Task goal: Give back the lines of the records exactly, starting at the first and ending at the one with "O Rodrigo recepcionando".

Given information:
---+---
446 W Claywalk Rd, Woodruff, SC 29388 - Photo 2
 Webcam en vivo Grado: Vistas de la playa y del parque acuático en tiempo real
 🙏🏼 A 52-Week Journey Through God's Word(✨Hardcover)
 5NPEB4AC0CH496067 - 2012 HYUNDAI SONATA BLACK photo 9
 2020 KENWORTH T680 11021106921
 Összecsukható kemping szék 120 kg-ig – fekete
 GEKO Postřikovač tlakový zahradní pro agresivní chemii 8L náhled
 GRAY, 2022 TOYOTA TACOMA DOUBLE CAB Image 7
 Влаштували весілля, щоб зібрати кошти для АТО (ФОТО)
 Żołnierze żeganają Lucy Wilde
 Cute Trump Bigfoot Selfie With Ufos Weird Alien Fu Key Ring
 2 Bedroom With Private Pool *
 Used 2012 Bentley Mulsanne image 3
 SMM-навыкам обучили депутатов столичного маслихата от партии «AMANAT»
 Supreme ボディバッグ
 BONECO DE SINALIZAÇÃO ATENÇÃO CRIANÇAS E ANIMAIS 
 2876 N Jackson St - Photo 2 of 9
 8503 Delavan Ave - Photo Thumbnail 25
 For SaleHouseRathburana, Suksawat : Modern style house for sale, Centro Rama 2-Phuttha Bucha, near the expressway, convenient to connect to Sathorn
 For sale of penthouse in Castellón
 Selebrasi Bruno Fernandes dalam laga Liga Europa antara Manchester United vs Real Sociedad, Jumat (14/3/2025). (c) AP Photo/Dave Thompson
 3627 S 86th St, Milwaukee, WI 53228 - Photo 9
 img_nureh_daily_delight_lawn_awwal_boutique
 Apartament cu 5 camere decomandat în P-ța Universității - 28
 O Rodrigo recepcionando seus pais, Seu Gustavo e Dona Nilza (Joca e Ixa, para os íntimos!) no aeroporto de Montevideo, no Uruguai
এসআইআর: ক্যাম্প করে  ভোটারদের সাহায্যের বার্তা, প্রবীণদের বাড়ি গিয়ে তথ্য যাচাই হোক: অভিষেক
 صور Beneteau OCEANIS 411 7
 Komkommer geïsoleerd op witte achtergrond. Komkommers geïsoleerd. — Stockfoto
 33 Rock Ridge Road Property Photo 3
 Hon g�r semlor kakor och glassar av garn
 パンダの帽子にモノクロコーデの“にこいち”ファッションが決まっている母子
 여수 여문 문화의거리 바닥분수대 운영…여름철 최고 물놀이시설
---+---
Written solution:
446 W Claywalk Rd, Woodruff, SC 29388 - Photo 2
 Webcam en vivo Grado: Vistas de la playa y del parque acuático en tiempo real
 🙏🏼 A 52-Week Journey Through God's Word(✨Hardcover)
 5NPEB4AC0CH496067 - 2012 HYUNDAI SONATA BLACK photo 9
 2020 KENWORTH T680 11021106921
 Összecsukható kemping szék 120 kg-ig – fekete
 GEKO Postřikovač tlakový zahradní pro agresivní chemii 8L náhled
 GRAY, 2022 TOYOTA TACOMA DOUBLE CAB Image 7
 Влаштували весілля, щоб зібрати кошти для АТО (ФОТО)
 Żołnierze żeganają Lucy Wilde
 Cute Trump Bigfoot Selfie With Ufos Weird Alien Fu Key Ring
 2 Bedroom With Private Pool *
 Used 2012 Bentley Mulsanne image 3
 SMM-навыкам обучили депутатов столичного маслихата от партии «AMANAT»
 Supreme ボディバッグ
 BONECO DE SINALIZAÇÃO ATENÇÃO CRIANÇAS E ANIMAIS 
 2876 N Jackson St - Photo 2 of 9
 8503 Delavan Ave - Photo Thumbnail 25
 For SaleHouseRathburana, Suksawat : Modern style house for sale, Centro Rama 2-Phuttha Bucha, near the expressway, convenient to connect to Sathorn
 For sale of penthouse in Castellón
 Selebrasi Bruno Fernandes dalam laga Liga Europa antara Manchester United vs Real Sociedad, Jumat (14/3/2025). (c) AP Photo/Dave Thompson
 3627 S 86th St, Milwaukee, WI 53228 - Photo 9
 img_nureh_daily_delight_lawn_awwal_boutique
 Apartament cu 5 camere decomandat în P-ța Universității - 28
 O Rodrigo recepcionando seus pais, Seu Gustavo e Dona Nilza (Joca e Ixa, para os íntimos!) no aeroporto de Montevideo, no Uruguai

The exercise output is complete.